» Exercise
Stopping at the line that holds "White Retinal Artiole", repeat the lines below exactly, starting from the very first and including that final line.

» Given data

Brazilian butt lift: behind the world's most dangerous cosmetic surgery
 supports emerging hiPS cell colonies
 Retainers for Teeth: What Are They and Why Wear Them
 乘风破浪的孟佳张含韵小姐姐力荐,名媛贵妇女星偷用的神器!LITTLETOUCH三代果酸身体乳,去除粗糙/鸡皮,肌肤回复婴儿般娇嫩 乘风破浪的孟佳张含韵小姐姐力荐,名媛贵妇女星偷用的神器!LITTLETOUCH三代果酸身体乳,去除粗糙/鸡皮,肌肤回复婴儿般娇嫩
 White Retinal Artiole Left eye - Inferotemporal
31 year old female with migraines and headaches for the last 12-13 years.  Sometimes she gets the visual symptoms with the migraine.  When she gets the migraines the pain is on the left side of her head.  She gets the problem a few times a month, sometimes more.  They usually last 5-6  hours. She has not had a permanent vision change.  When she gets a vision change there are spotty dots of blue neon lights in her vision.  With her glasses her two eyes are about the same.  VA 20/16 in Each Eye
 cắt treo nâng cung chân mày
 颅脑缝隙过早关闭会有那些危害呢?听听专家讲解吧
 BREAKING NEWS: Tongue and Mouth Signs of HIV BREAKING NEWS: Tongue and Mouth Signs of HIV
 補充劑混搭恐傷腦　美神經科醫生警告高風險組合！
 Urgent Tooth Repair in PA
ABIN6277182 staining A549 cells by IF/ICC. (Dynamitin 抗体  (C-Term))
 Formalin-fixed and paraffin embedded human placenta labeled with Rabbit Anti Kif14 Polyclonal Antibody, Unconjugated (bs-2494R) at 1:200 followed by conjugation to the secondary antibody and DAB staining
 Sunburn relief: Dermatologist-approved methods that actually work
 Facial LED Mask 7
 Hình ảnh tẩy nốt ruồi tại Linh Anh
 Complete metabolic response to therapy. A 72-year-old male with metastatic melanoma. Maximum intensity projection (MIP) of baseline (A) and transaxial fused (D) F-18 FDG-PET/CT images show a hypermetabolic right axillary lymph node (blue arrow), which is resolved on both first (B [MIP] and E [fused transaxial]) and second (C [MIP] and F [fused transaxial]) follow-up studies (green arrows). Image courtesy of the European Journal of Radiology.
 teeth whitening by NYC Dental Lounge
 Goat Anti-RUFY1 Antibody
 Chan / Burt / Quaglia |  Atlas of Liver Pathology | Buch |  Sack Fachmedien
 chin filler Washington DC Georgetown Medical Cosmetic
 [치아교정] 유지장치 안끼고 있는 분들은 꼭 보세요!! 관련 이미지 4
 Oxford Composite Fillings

» Exercise response
Brazilian butt lift: behind the world's most dangerous cosmetic surgery
 supports emerging hiPS cell colonies
 Retainers for Teeth: What Are They and Why Wear Them
 乘风破浪的孟佳张含韵小姐姐力荐,名媛贵妇女星偷用的神器!LITTLETOUCH三代果酸身体乳,去除粗糙/鸡皮,肌肤回复婴儿般娇嫩 乘风破浪的孟佳张含韵小姐姐力荐,名媛贵妇女星偷用的神器!LITTLETOUCH三代果酸身体乳,去除粗糙/鸡皮,肌肤回复婴儿般娇嫩
 White Retinal Artiole Left eye - Inferotemporal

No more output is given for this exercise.